I was after something inherently casual and good for winter, I flipped through all of the fabric books and opted for a heavyweight grey oxford fabric with irregularities from one of the books they don't use too often. I'm not sure of the weight, but I think it's at least 6.5oz, maybe heavier.

 

Michael said I was the first customer to ask for a shirt that wouldn't be worn with a suit or jacket, and also the first to order a heavyweight shirting fabric. He admitted they'd never ordered the fabric I chose before.

 

I believe 14 or 15 measurements were taken, as well as photos of front back and both sides. I chose the options I wanted on their iPad app, and Michael suggested I go with their "Regular fit" and suggested black stitching for the buttonholes.

I'm not 100% sure if my shirt was made in Melbourne or not, but Michael did say that their offsite inhouse tailors are located in Pascoe Vale.

It took 5 weeks for the shirt to be completed. 

I asked for Mother of Pearl buttons, but instead I was given black on white pearlescent buttons made from a resin (I think). I can see why they were chosen as they match the shirt and the black buttonhole stitching. I would have preferred the use of a natural material but I didn't explicitly state that.

 

The shirt seems well constructed. French seams, very neat stitching and good stitch density. The collar and cuff are quite stiff from the french fuse they used and there is also french fuse used in the placket.

 

Michael said that I should take the shirt home, wear it and wash it a few times before coming back for adjustments. 

 

Unfortunately out of the box, the shirt armholes are too high and cause a few issues with arm movement. It's also too tight in the chest and upper back. The fabric itself is quite stiff and doesn't have much give to it, I haven't worn it out yet but I'm going to give it a few wears over the coming weeks and then take it back.

Michael did say that if I wasn't happy with the shirt, that they'd make me another one - so I will probably be going back in and asking for that because of the overall tightness. Now at least I know what I want the most - full range of arm movement. I will report back after I go in for "adjustments" and see what they're willing to do.

 

I agree with mzmart about this being a semi-bespoke service. They do say they make a pattern from scratch, however the cutter and shirt maker are not the same person and at least for a shirt, for non-VIP customers, there is no fitting - just measurements and final product plus adjustments. As I said I have not been in for my adjustments yet, so I will let you guys know how that goes after I go see them again. 
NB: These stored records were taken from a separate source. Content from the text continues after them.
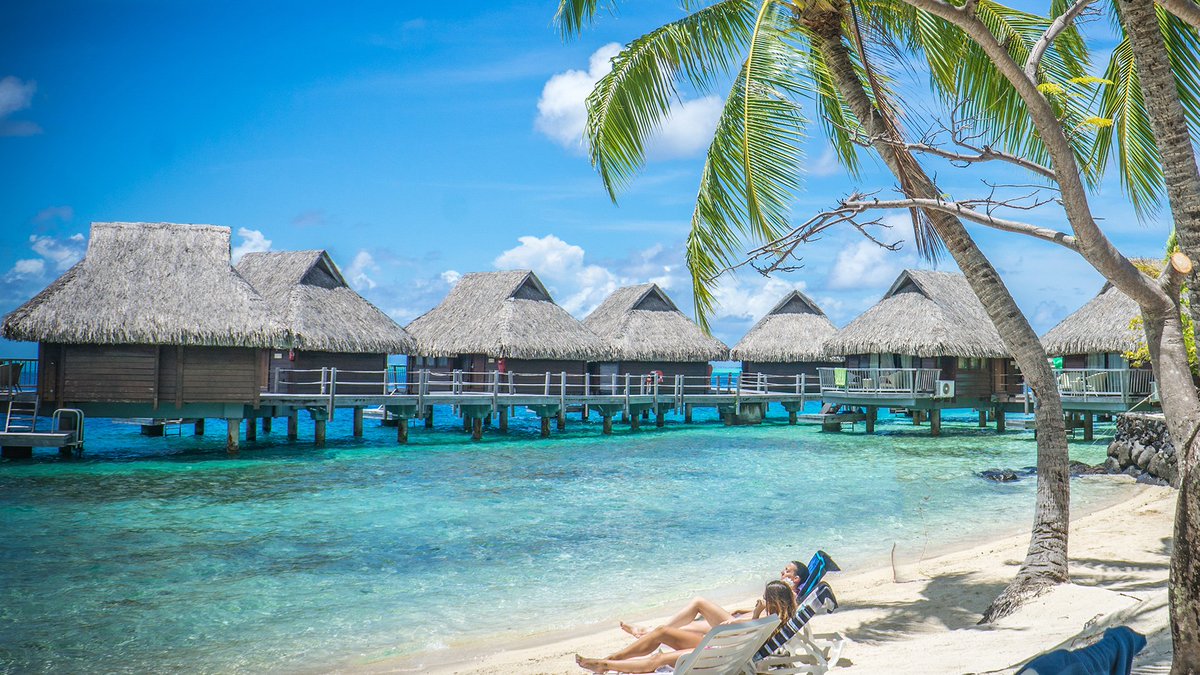 TravelnPleasure tweet picture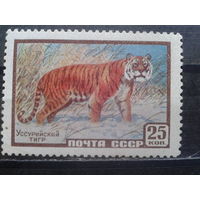 1959, Уссурийский тигр**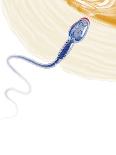 Sperm Fertilising An Egg, Artwork-Henning Dalhoff-Photographic Print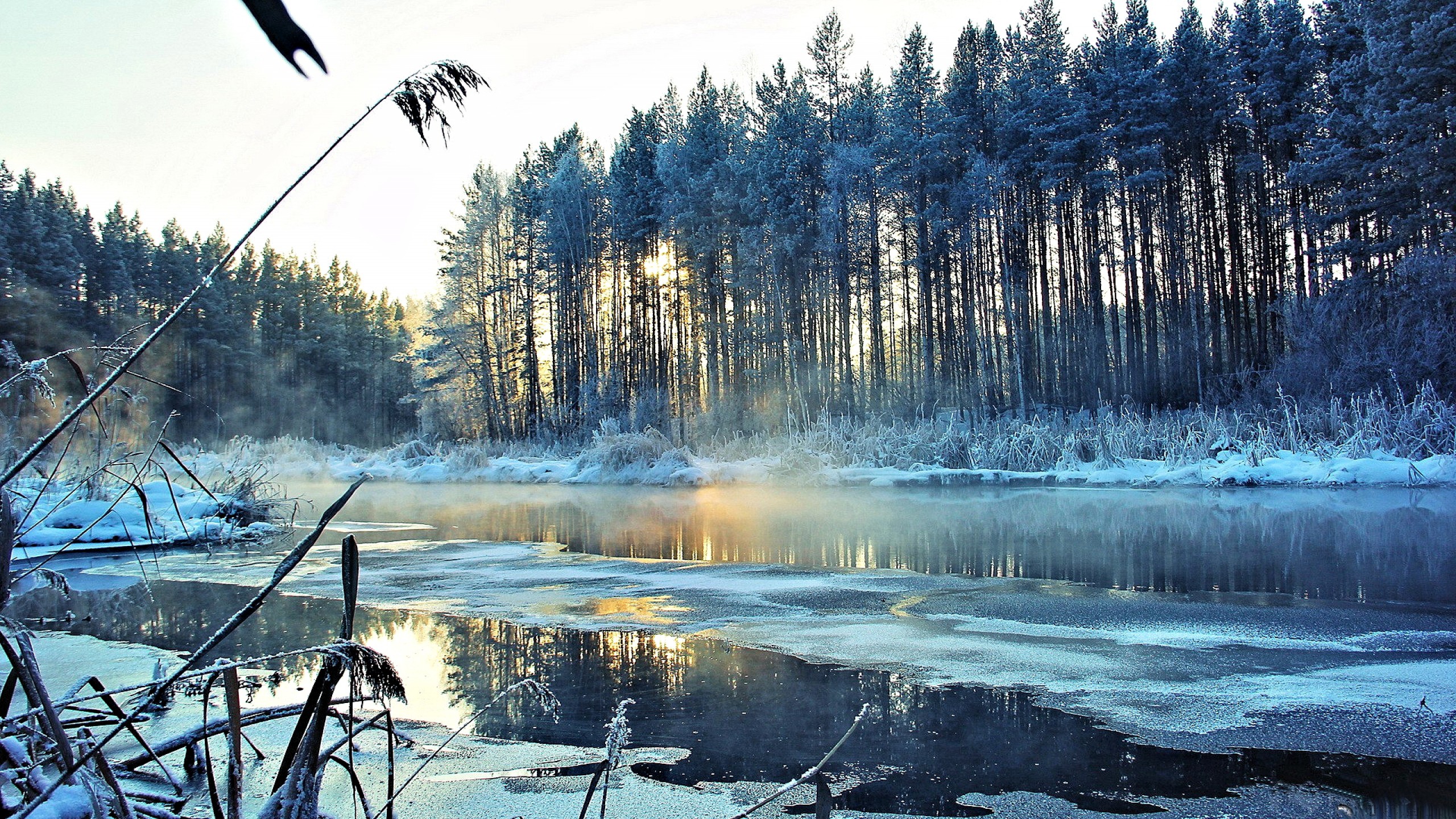 Лед лес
My preference would be for the pieces that need to be re-made to be remade with a lower armhole, more room in the chest and upper back, more tapering at the lower back and I think due to the fabric weight, I will wear the shirt out instead of tucked, so a shorter hem at the back.
 

post #79 of 79
Just to round this off. Shoulder fixed and suit taken home. Nice enough final fit. Got the style a bit wrong but that's my fault for not being insistent. Yeah Ok overall. But ......a bit overpriced. Overall rating 7/10.